On February 4, 2004, General Musharraf told newspaper editors in Islamabad that Pakistan has two vital interests—nuclear state and Kashmir cause. It was to placate the military and religious conservatives that the alliance with the US was not a U-turn as it appeared to be. The semblance of good relationship with India has become a pre-requisite for Pakistan’s security relationship with the USA. In Pakistan, the military is told that India is hostage to centrifugal traditions and has a historic inability to exist as a single state. It is justified on the basis of history of which Pakistan is a part. Hence India can break up like Pakistan in Kashmir; Khalistan within India. The Pakistani plan for liberation has two parts: first make Kashmir ungovernable for India, and raise the cost of continued Indian occupation to unbearable levels, the other being internationaliseation of the Kashmir issue. Participation by different religious groups from around the world would ensure support from Islamic countries. The status of freedom fighters given by the USA to the Mujahideen in Afghanistan could also be given to those fighting in Kashmir without knowing that the USA applies double-standards everywhere. Haqqani concludes that Pakistan has to change its national objectives of being focused on economic development and popular participation in government. Pakistan was created in a hurry.
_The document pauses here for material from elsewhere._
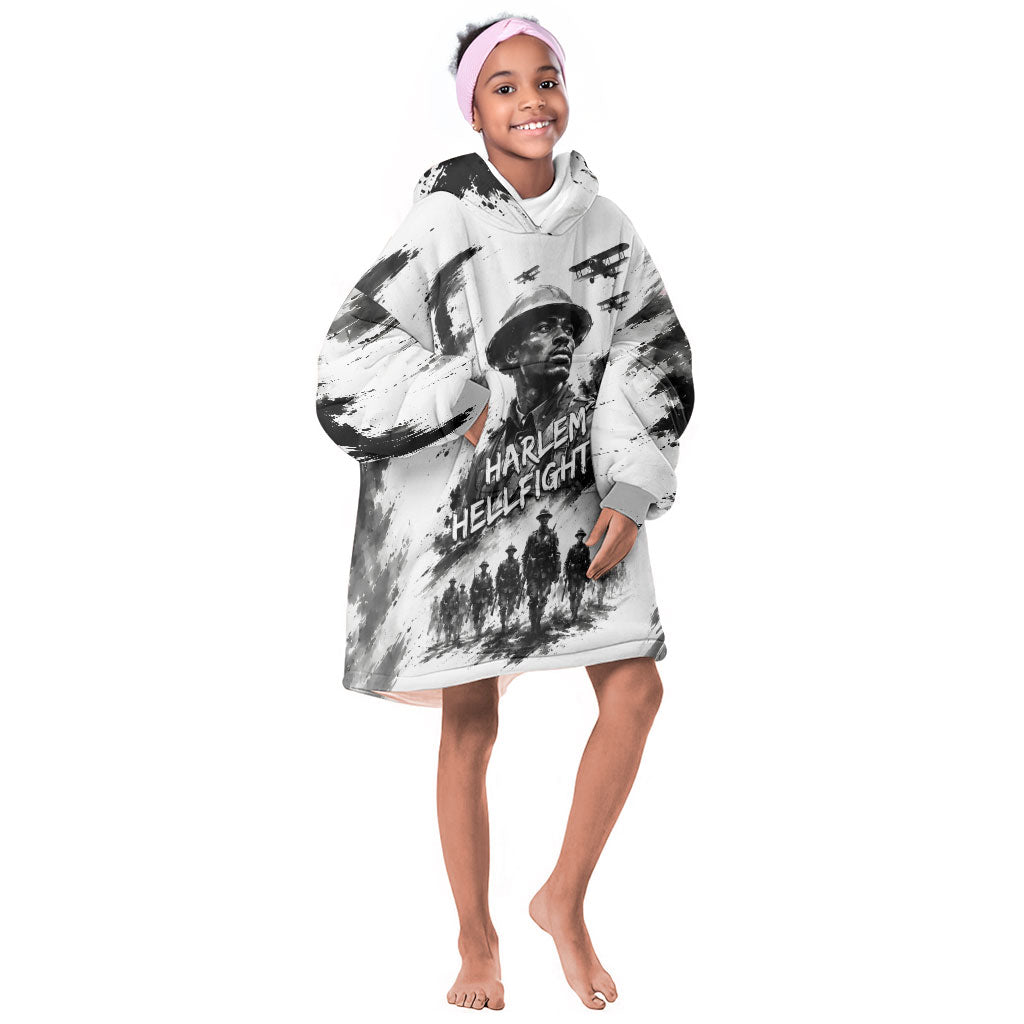 Personalized Harlem Hellfighters Kid Wearable Blanket Hoodie WWI African American Soldiers Monochrome Grunge Sketch Art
Everyone has a stake to transform Pakistan into functional rather than ideological state so as to ensure the development of its people.
In its new edition, the book has two new chapters but fall short of acute analysis in that the book does not shower light on important internal and external dynamics of Pakistan like the Kargil episode, mobilisation of troops along borders in 2002, and failure of the Agra Summit and so on. It seems as if the new chapters in the book have been written aimlessly. No Westphalian state has failed so far, but it is worth noticing that the constituency of Pakistani writers who are against the system is growing. The book is engaging and is written in simple and lucid language.
Aejaz Ahmad studied Political Science at the Department of Political Science, University of Delhi. He is the contributing author of the book, Political Process in India. His forthcoming book, Modern South Asian Thinkers, is being published by Sage. He has contributed earlier to Economic and Political Weekly and Mainstream.
Zaboor Ahmad is a Lecturer of Political Science in Kashmir; his papers have been published in South Asian Review, and he regularly contributes opinion pieces to various newspapers in Kashmir.